Pod koniec października 32-letnia Kelsey Townsend z Wisconsin w USA i jej mąż Derek zachorowali na koronawirusa. Derek czuł się źle przez dwie doby, ale szybko zaczął dochodzić do siebie, za to stan jej żony z dnia na dzień się pogarszał. Kelsey była w 39. tygodniu ciąży. Kiedy trafiła do szpitala w stanie krytycznym, lekarze nie zastanawiali się długo - natychmiast wprowadzili Kelsey w śpiączkę farmakologiczną i wykonali cięcie cesarskie. W ten sposób 4 listopada na świat przyszła Lucy, czwarte dziecko państwa Townsend.
Lucy urodziła się zdrowa, ale jej tata nie mógł jej zabrać do domu, ani nawet zobaczyć, bo obowiązywała go kwarantanna z racji przebytego koronawirusa. Dopiero kilka dni później dziewczynka pojechała do domu, gdzie czekało na nią rodzeństwo. Derek nie mógł zobaczyć żony, a jej stan wciąż określano jako krytyczny. Ostatecznie została przewieziona do innego szpitala, gdzie przez 75 dni była podłączona do respiratora. Wtedy okazało się, że jej płuca są tak zniszczone, że konieczny będzie ich przeszczep. Aby mógł się odbyć, Kelsey musiała odzyskać siły na tyle, żeby była w stanie ustać przy łóżku. Ciężko pracowała i w końcu osiągnęła ten cel.

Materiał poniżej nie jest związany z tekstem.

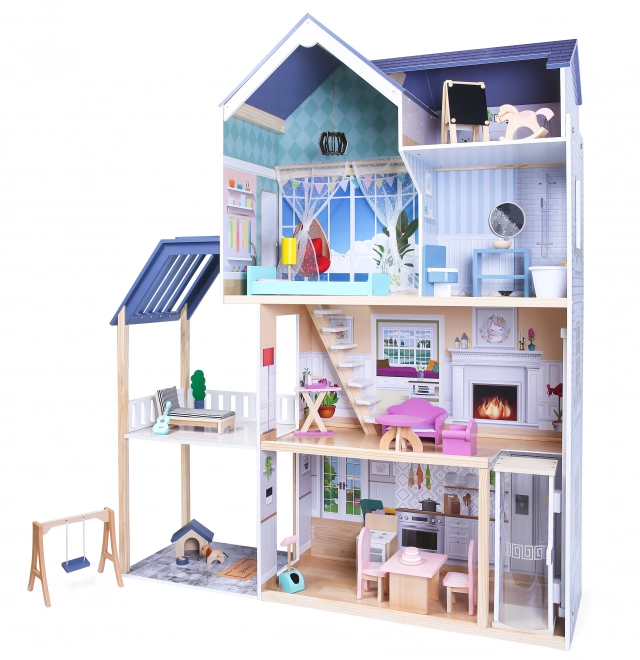 Domek drewniany dla lalek Maya Rezydencja od ECOTOYS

Gdy Kelsey kwalifikowała się już do operacji przeszczepu płuc nagle, niespodziewanie jej organizm zaczął się regenerować. 27 stycznia kobieta opuściła szpital i wróciła do domu. Wtedy poznała swoją córeczkę, dopiero trzy miesiące po narodzinach dziecka mogła je wziąć w ramiona. Kelsey nie odzyskała jeszcze pełni sił, wciąż towarzyszy jej butla z tlenem, ale z dnia na dzień czuje się coraz lepiej. Lekarze nie wykluczają, że będzie w stanie normalnie funkcjonować.